Mutai, 27, heads a strong field which includes fellow Kenyans, Patrick Makau, the world record holder and Abel Kirui, the reigning world champion.
All three are determined to impress in London as they aim to secure one of the three spots available to marathon runners in Kenya’s Olympic team.
Mutai’s preparations for the race have been disrupted by a bout of typhoid last month but the talented distance runner says he is back to full fitness and determined to impress Kenya’s Olympic selectors.
“For me this will definitely be a tougher competition than last year because the field is so strong,” said Mutai. “Everyone has run a good time so I will have to perform at my best.
“I had a fever a few weeks ago and was under medication. But I am feeling better now and my recovery has been good.
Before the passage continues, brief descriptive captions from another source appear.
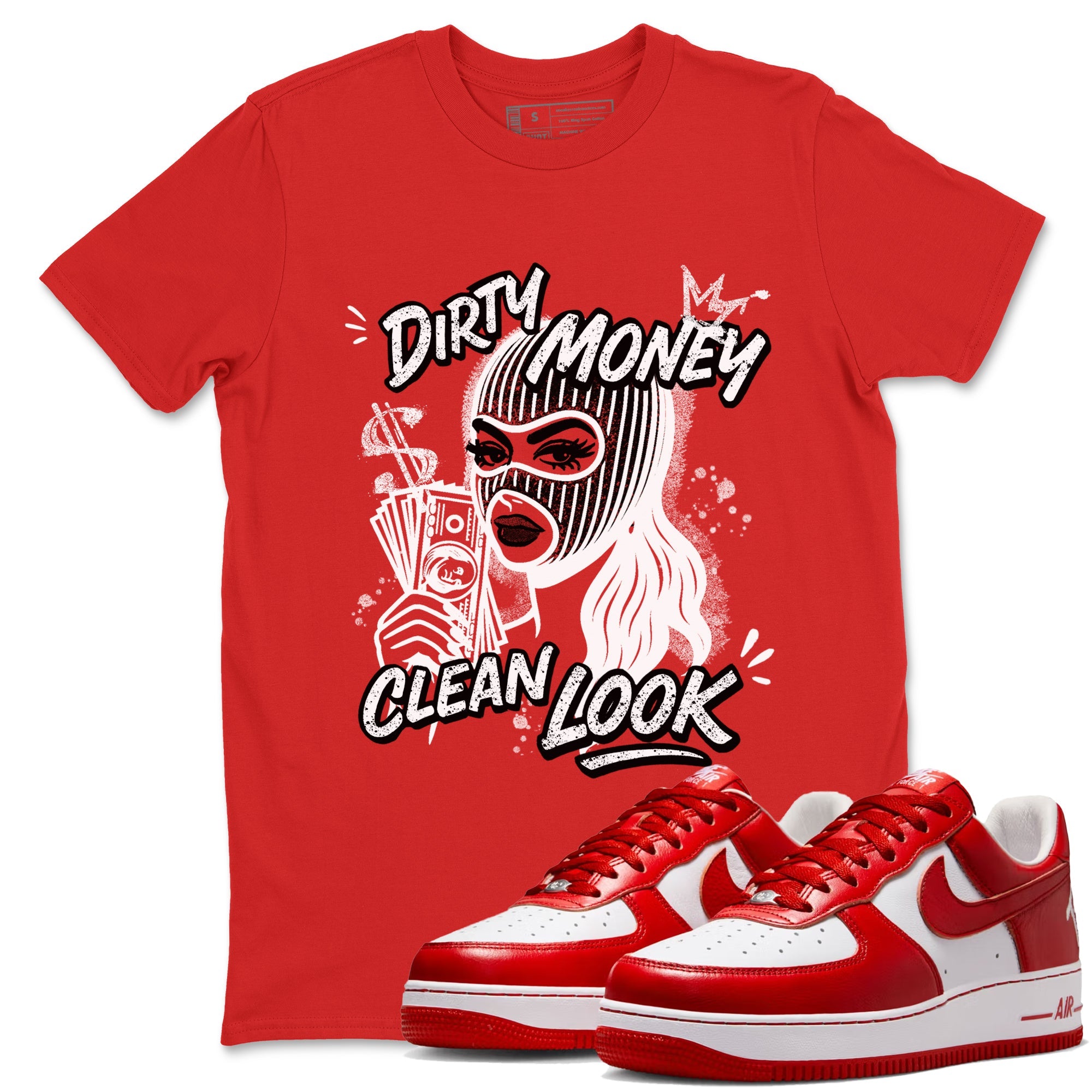Dirty Money Clean Look sneaker match t-shirt styled to complete your fit with the Air Force 1 University Red sneakers, AF1 Terror Squad shown in Red 1.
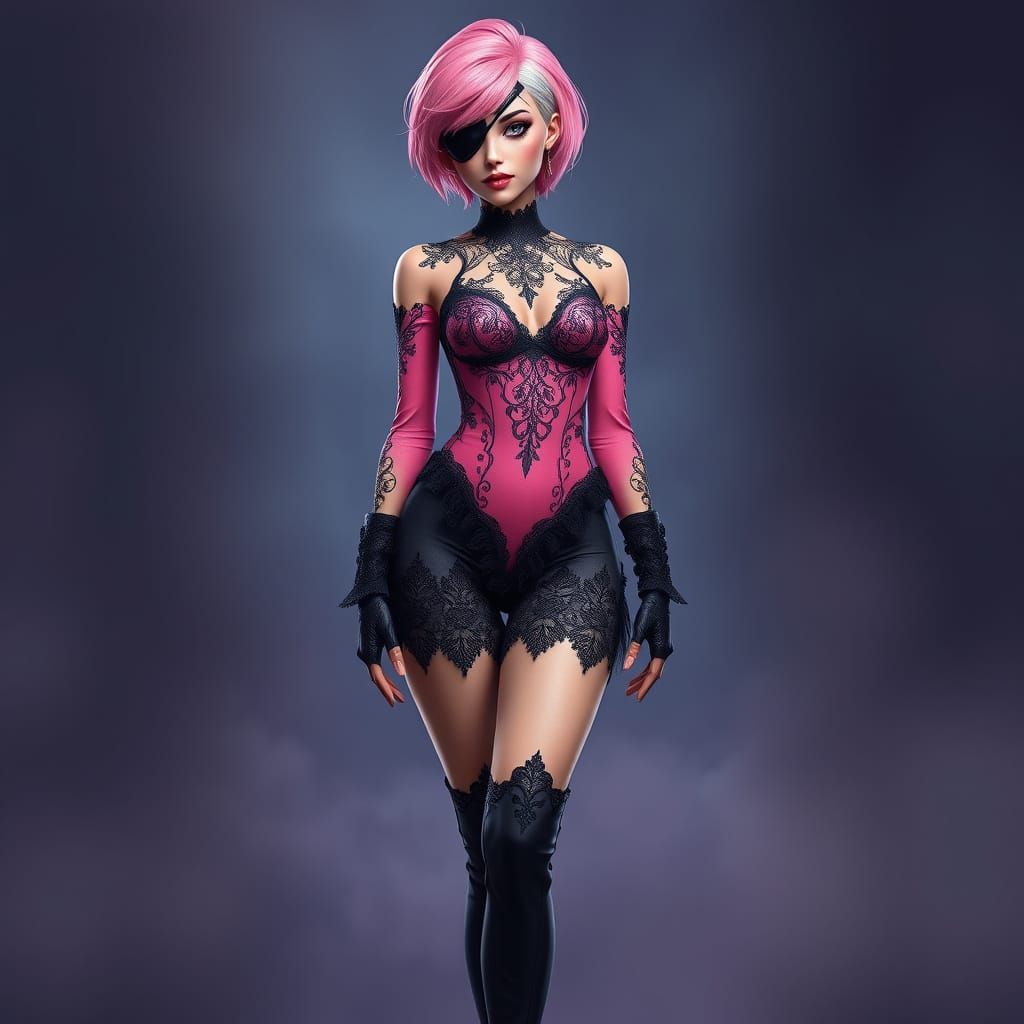 Enchanting Female Figure in Vibrant Leotard and Boots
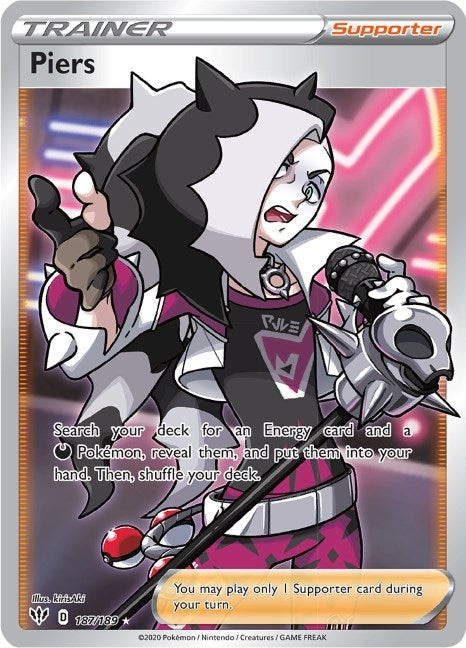 Image for Piers (Full Art) (187/189) (SWSH03: Darkness Ablaze) - Pokemon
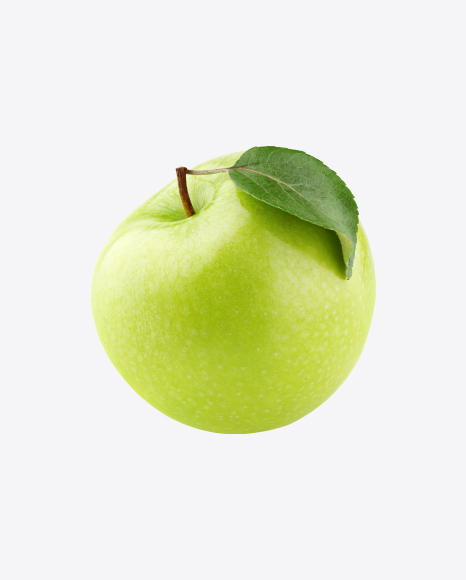 Green Apple with Leaf PNG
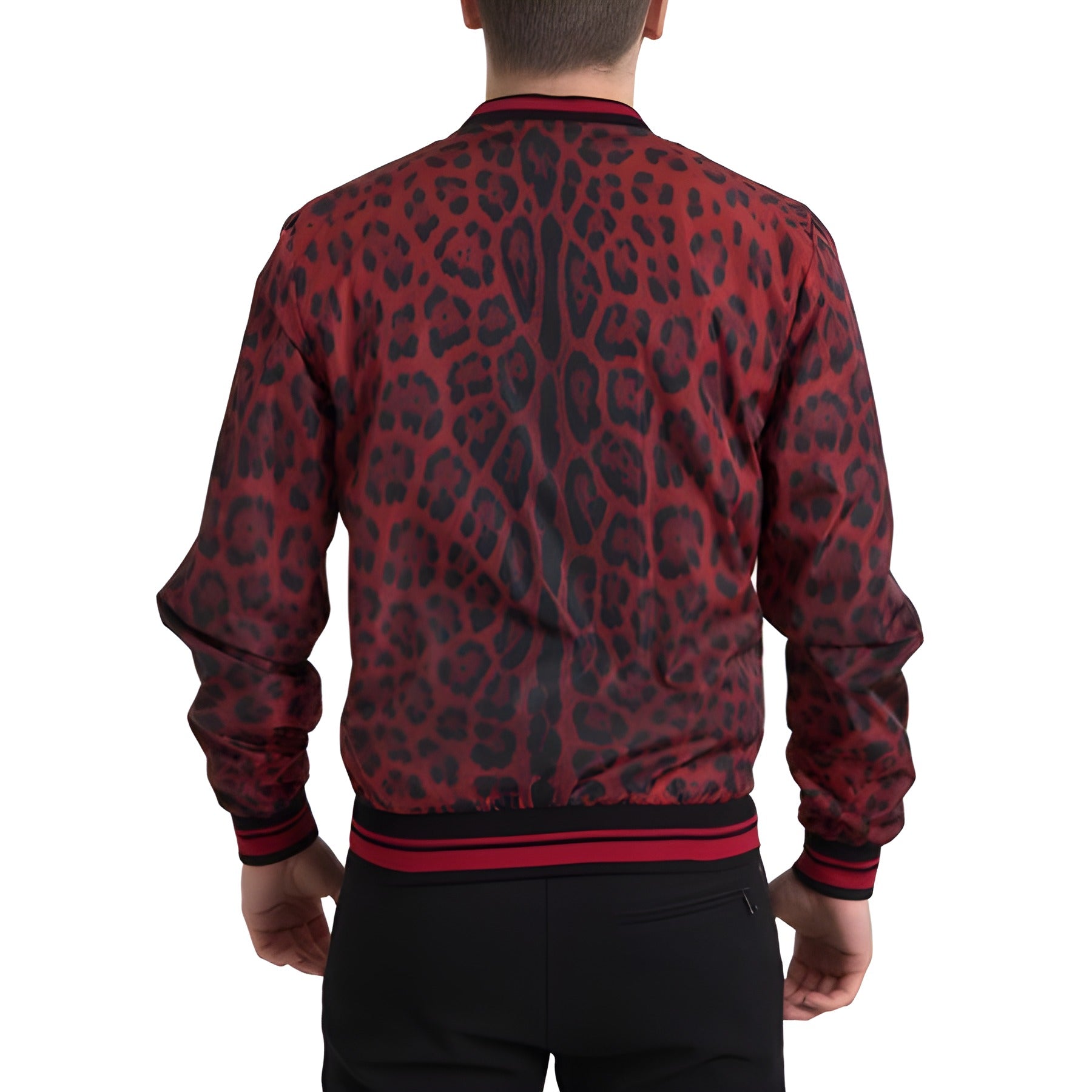 Dolce & Gabbana Red Leopard Short Coat Bomber Jacket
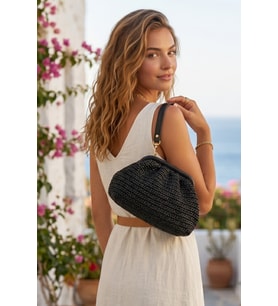 Vintage Model Örme Hasır Kadın Portföy Clutch Çanta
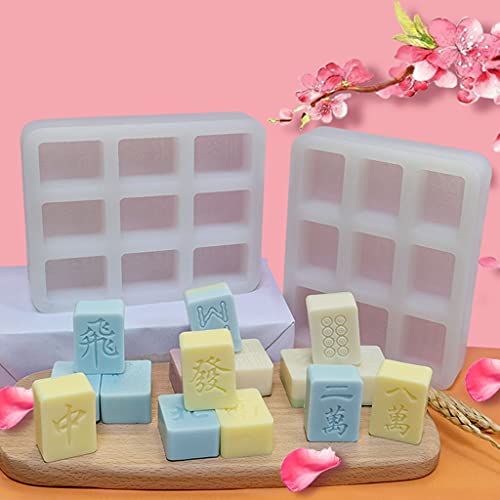 SUSHUN Chinese Mahjong Shape Material de Silicona Chocolate Ice Cube Molde Jabón Molde de Silicona Decoración de Pasteles Regalo para Amigos Jelly Sugar Candy Chocolate Fondant Cake Decoration Wanzi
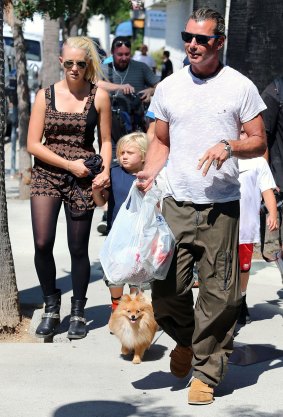 Gavin Rossdale out with sons, Kingston and Zuma and their nanny Mindy Mann on September 08, 2013 in Los Angeles.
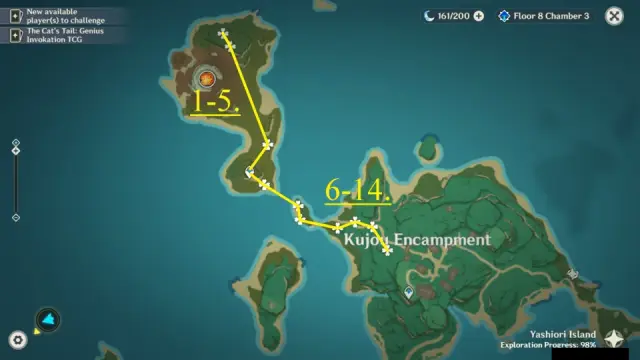 Kujou Encampment Dendrobium Farming Route Map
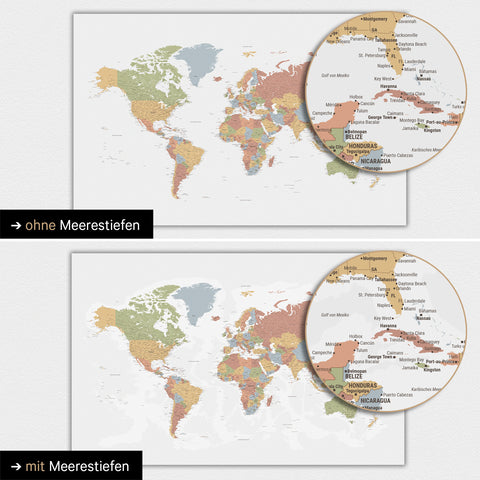 World map in multicolor sienna with two-dimensional sea depths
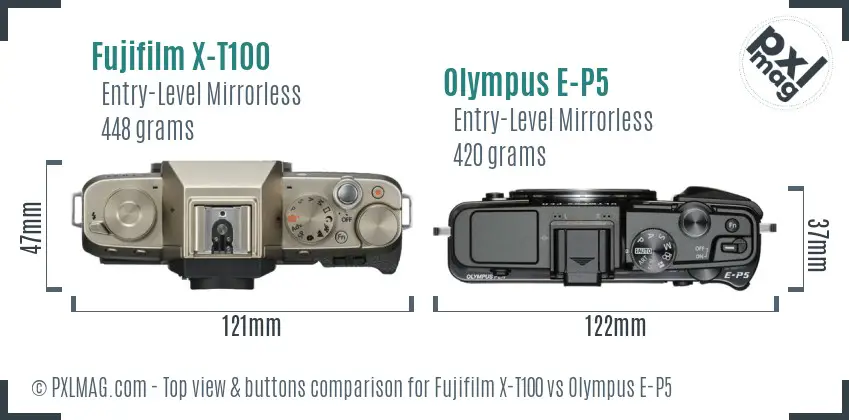 Fujifilm X-T100 vs Olympus E-P5 top view buttons comparison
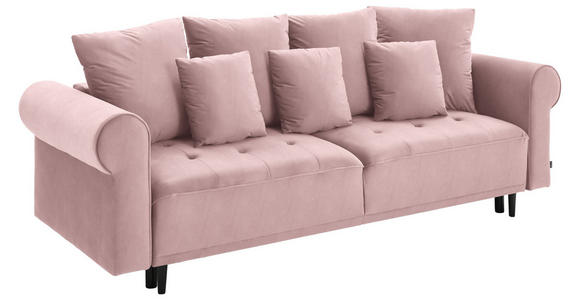 BIGSOFA in Samt Rosa  - Schwarz/Rosa, Design, Holz/Textil (248/96/95cm) - Carryhome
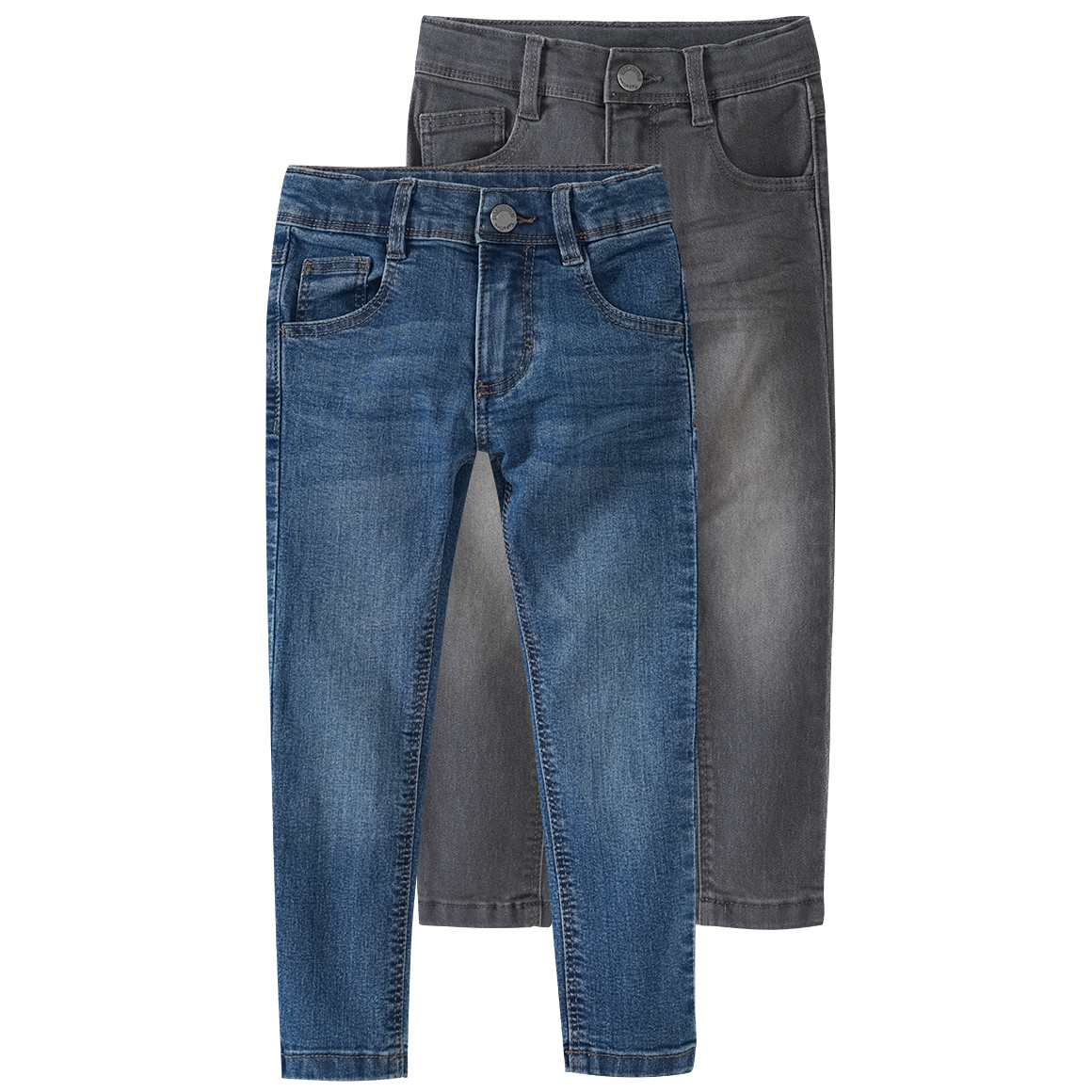 Famy 2 Jungen Skinny-Jeans im 5-Pocket-Style blau / grau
I will have to try my best.”
“The selection is challenging, but I think if I can finish in the top three here I will qualify,” he said.
“The extra pressure is there because of the Olympic selection, but I’ve been concentrating on running well in London. What comes after London, I will think about then.”
In the women’s race, defending champion Mary Keitany will aim to emulate her compatriot Mutai by romping to victory last year.
Keitany is planning to use the race as a dry run for an assault on the London games in four months’ time.
Keitany’s winning time last year of two hours, 19 minutes and 19 seconds made her the second fastest woman over the London course.
“I’m in the same shape as last year and I hope to defend my title and win despite the field being so competitive,” Keitany said.
“It will be very hard because of the strong athletes. Almost every runner has a good time, and many have run around 2hrs 20mins, but I am determined to defend my title.”
However Keitany acknowledged she is still learning the tactical ropes following last year’s New York Marathon, where she finished third after losing a two-minute lead.
“Sometimes your body can cheat you and tell you that you are OK when you fail to understand your body is having problems,” she said.
“But I don’t fear the marathon. I think of myself as a marathon runner now and I also think I have to better understand tactics, to know the tactics of running and handling a race.”